There has always been a ledger.

Not the kind that tallies profit—but the kind that tallies pain, joy, injustice, longing, memory. The kind we keep in the margins of hymnals, in composition notebooks, in spiral-bound journals tucked beneath mattresses and inside tote bags heavy with books.

The Black community has long used pen and paper as a means of containment. As witness. As an altar.

When the world has been too loud, too violent, too dismissive—Black writers have written anyway.

When grief has felt unnameable, we have named it.

When policy has pressed against our breath, we have exhaled onto the page.

This is not new. It is an inheritance.

Writers like Toni Morrison insisted that language is not a luxury—it is survival. James Baldwin wrote essays that cut through the fog of denial and demanded moral clarity. Audre Lorde reminded us that our silence would not protect us. Gwendolyn Brooks documented the interior lives of Black neighborhoods with reverence and precision.

They did not wait for permission.

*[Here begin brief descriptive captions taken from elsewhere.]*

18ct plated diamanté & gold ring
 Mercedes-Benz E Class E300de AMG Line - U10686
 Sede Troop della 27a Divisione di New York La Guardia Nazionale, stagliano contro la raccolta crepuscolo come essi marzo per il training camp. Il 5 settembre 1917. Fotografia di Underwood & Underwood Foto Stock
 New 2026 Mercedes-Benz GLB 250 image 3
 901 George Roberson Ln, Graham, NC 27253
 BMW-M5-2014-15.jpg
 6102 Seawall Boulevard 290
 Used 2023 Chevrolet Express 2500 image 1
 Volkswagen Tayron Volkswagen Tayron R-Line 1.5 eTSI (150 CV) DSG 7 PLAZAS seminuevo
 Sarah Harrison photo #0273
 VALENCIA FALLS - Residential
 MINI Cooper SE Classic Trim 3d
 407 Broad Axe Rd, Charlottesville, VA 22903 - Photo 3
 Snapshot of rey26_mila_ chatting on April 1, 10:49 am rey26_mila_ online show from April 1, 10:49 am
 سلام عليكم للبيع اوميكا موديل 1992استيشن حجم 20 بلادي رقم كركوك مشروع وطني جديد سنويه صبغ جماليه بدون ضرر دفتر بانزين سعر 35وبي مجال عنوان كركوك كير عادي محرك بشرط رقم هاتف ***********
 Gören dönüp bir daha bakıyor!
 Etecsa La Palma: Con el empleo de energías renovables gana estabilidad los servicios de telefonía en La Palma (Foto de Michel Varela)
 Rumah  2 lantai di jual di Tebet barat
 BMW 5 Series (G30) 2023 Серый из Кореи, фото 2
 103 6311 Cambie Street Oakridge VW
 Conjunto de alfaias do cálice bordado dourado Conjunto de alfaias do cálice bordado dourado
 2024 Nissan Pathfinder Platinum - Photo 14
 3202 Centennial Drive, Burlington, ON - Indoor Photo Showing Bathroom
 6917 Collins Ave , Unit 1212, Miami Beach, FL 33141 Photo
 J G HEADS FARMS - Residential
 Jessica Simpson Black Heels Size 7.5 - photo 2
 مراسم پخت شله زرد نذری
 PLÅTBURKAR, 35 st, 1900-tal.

They did not wait for political comfort. They did not wait for calm seasons.

They wrote because the writing itself was an act of staying alive.

Grief as Archive

Grief in the Black community is layered. It is personal and communal. It is ancestral and immediate. It is grief for the lost and grief for what should have been.

And still—we write.

We write obituaries that read like love letters. We write poems that hold entire neighborhoods in four stanzas. We write protest signs with thick black marker. We write sermons that sound like lullabies and battle cries at once.

On the page, grief becomes something we can touch. Turn over. Examine. Offer up.

Writing does not erase grief. It gives it shape. It keeps it from swallowing us whole.

The Climate Cannot Silence Creativity

Let’s be honest: the current political climate can feel suffocating. Policies shift. Rhetoric sharpens. Books are challenged. Histories are contested.

But creative work has never thrived because conditions were easy.

It thrives because conditions are urgent.

To stop writing now would be to surrender the record.To shrink now would be to abandon the archive.

Our survival is not abstract. It is embodied. It is daily. It is cultural. And writing is part of that survival.

When we write, we assert:

  • We are still here.

  • Our interior lives matter.

  • Our grief will not be distorted.

  • Our joy will not be erased.

Writing is critical to us because memory is critical to us. And memory is power.

Writing as Continuation

For H. WordSmith Reads, this Friday Feature is not just reflection—it is reminder.

We read because we need language. We write because we need breath. We continue because our communities require record-keepers.

Grief will visit us. So will joy. So will anger. So will hope.

The page is wide enough for all of it.

Before the week begins, we read with intention—slowly, thoughtfully, and in good company.

Reflection: What emotion have you been carrying that needs a page?